◆ **YOUR TASK**
An exact copy of the data is needed, but without any of its images.

◆ **SUPPLIED DATA**
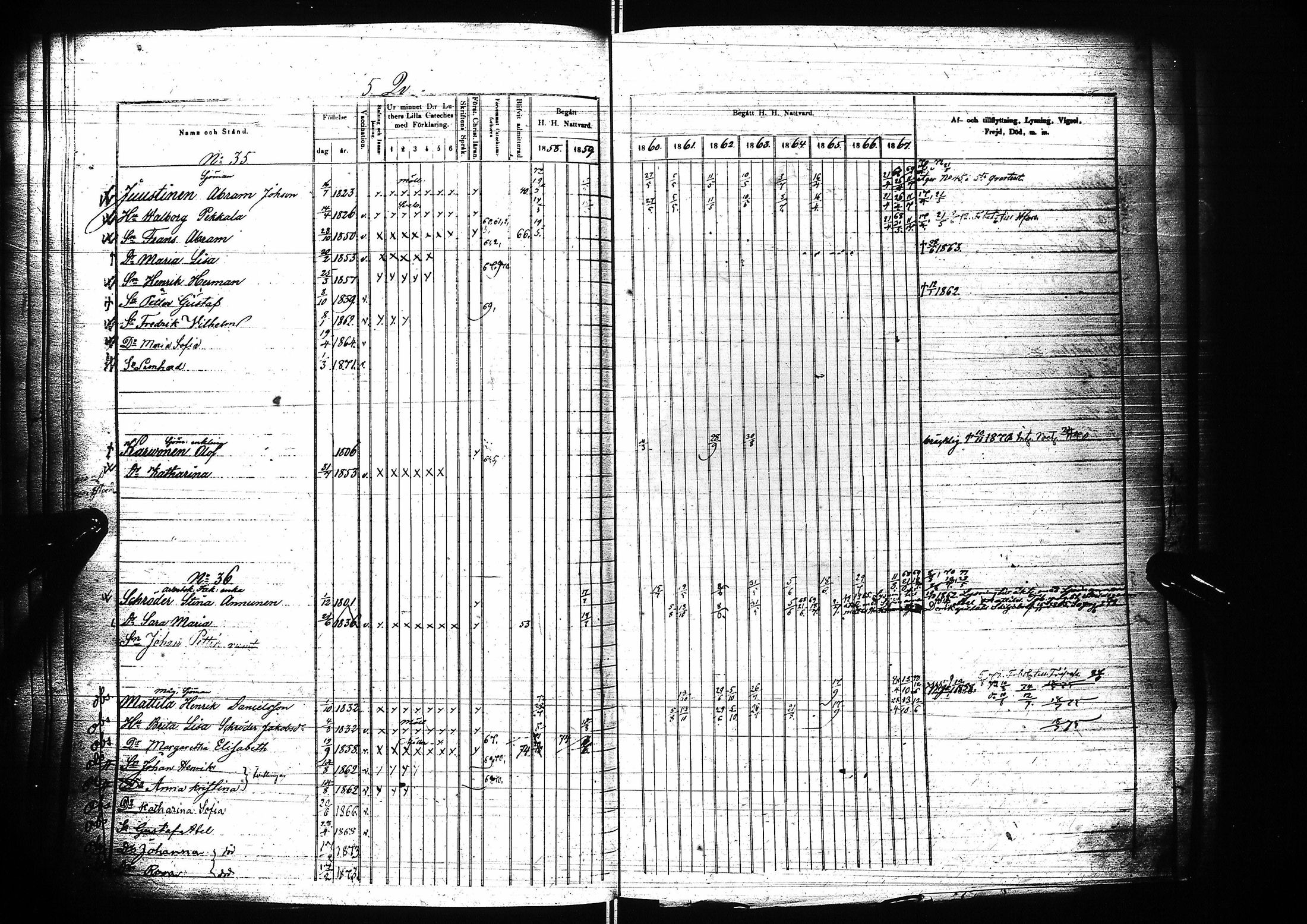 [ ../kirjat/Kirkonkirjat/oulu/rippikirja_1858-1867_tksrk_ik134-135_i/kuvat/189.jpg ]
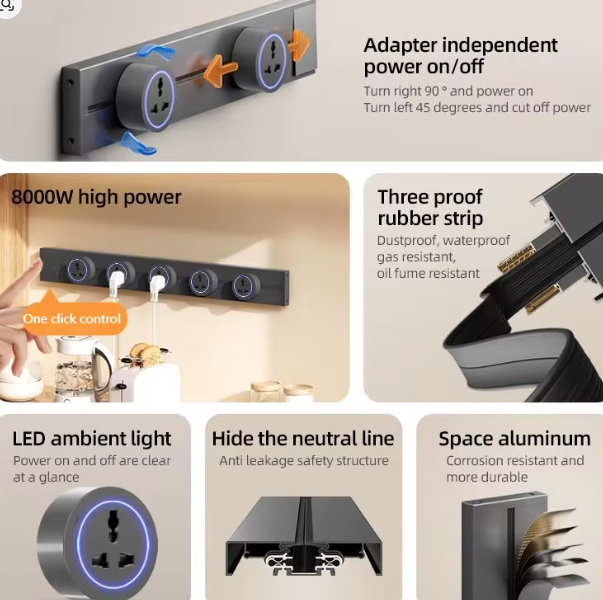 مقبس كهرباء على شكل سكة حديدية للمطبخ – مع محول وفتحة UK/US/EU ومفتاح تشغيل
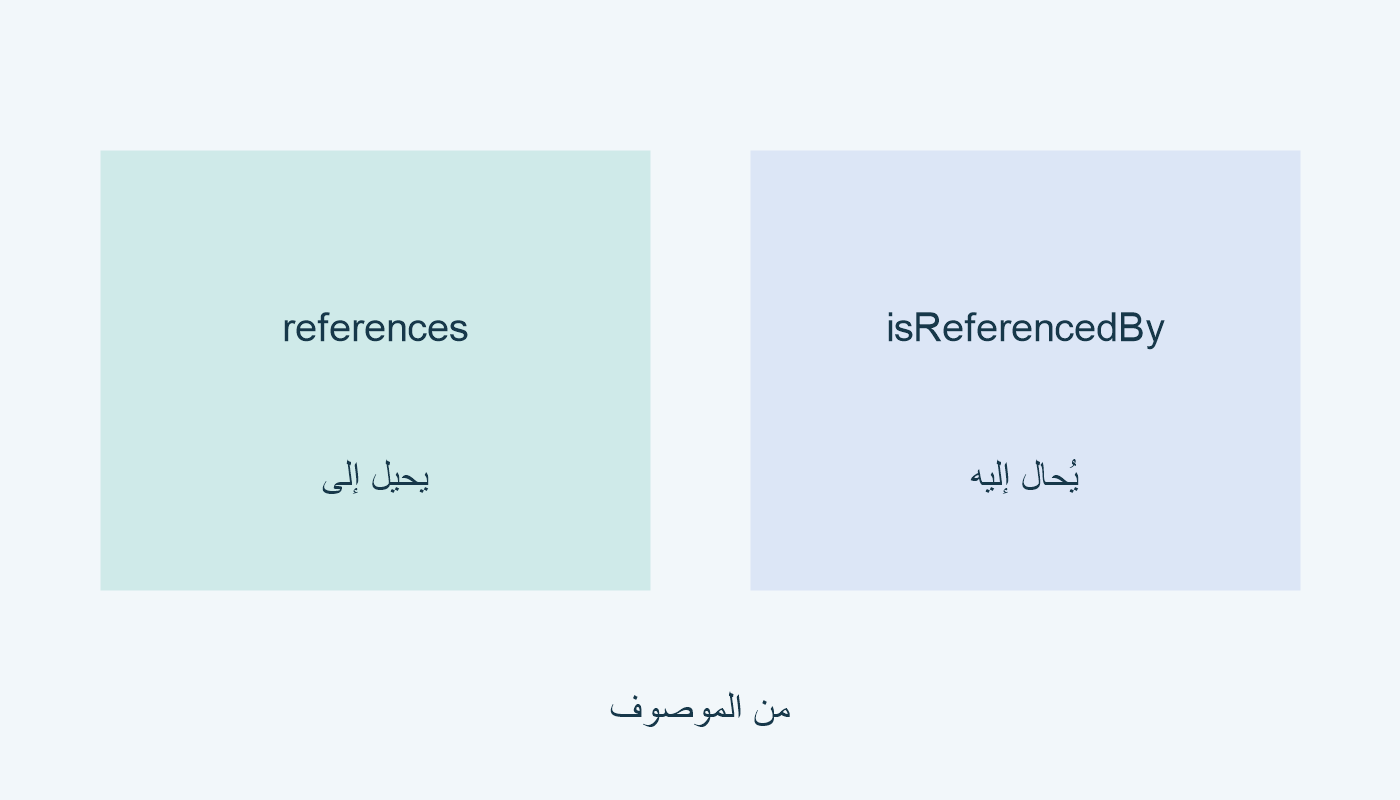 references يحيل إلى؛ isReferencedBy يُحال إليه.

◆ **RESPONSE BELOW**
 [ ../kirjat/Kirkonkirjat/oulu/rippikirja_1858-1867_tksrk_ik134-135_i/kuvat/189.jpg ]
 مقبس كهرباء على شكل سكة حديدية للمطبخ – مع محول وفتحة UK/US/EU ومفتاح تشغيل
 references يحيل إلى؛ isReferencedBy يُحال إليه.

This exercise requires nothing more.